Saved entries:
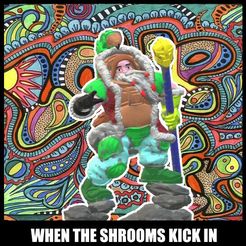 SHROOMS.jpg WizzyDizzyMushroomMan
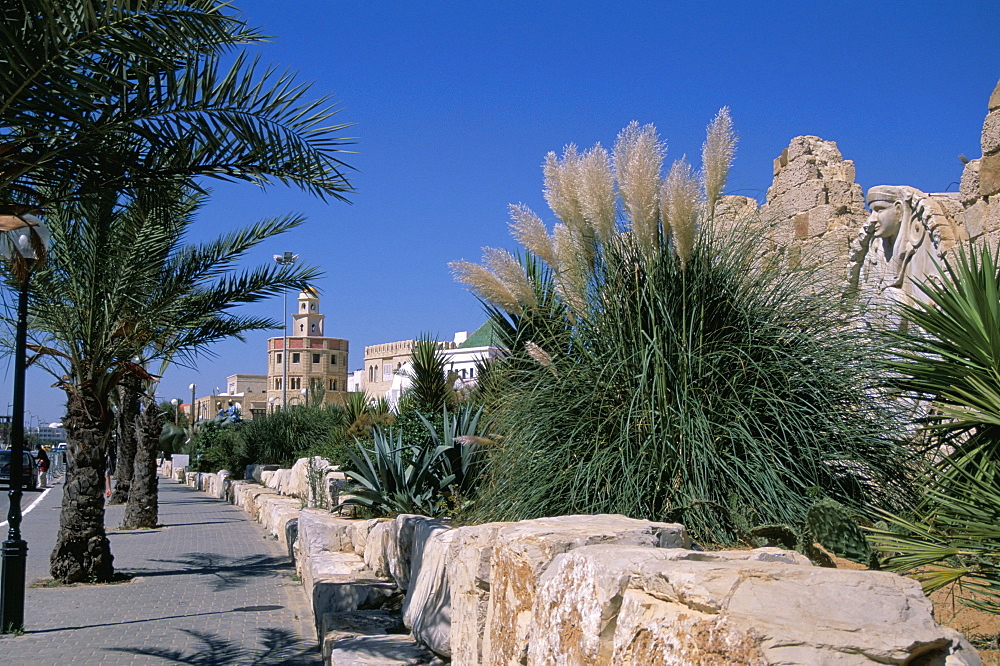 The Medina, Yasmine Hammamet, Tunisia, North Africa, Africa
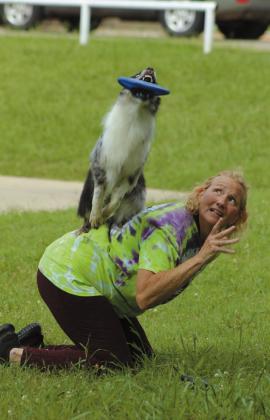 Miss Demeanor, the mini Australian Shepherd, catches frisbees thrown by Tornado Alley Disc Dogs co-owner Jamee Salley, of Blanchard.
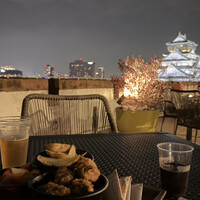 BLUE BIRDS ROOF TOP TERRACE - 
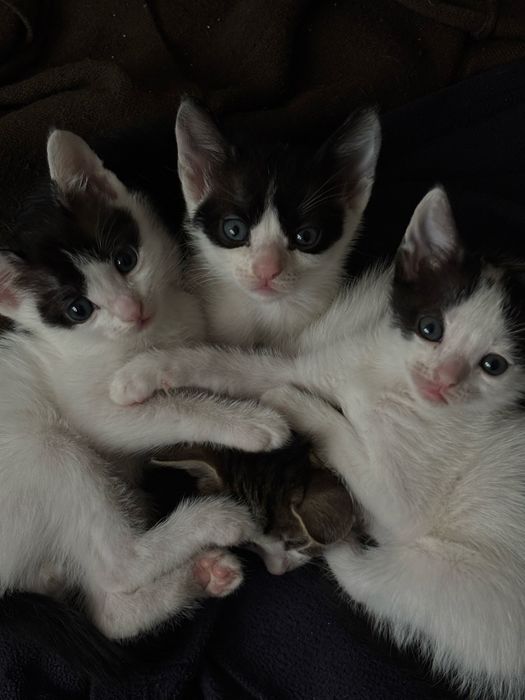 Ofer spre adoptie pui de pisica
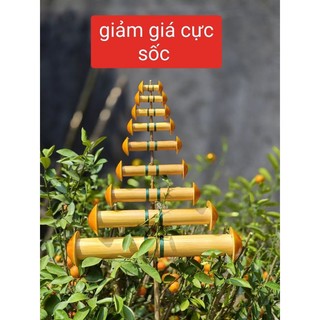 Sáo diều miệng gỗ giá rẻ giá học sinh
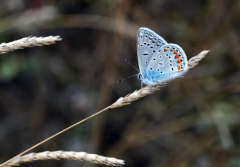 ���������������������ܣ�������ʱ��Ҫע��ʲô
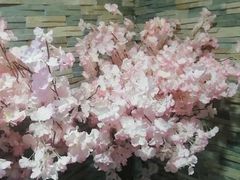 -桃屋日本料理(清华科技园店)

## WHAT YOU NEED TO DO
Return the complete data unchanged and include none of the pictures.

## EXERCISE RESPONSE
 SHROOMS.jpg WizzyDizzyMushroomMan
 The Medina, Yasmine Hammamet, Tunisia, North Africa, Africa
 Miss Demeanor, the mini Australian Shepherd, catches frisbees thrown by Tornado Alley Disc Dogs co-owner Jamee Salley, of Blanchard.
 BLUE BIRDS ROOF TOP TERRACE - 
 Ofer spre adoptie pui de pisica
 Sáo diều miệng gỗ giá rẻ giá học sinh
 ���������������������ܣ�������ʱ��Ҫע��ʲô
 -桃屋日本料理(清华科技园店)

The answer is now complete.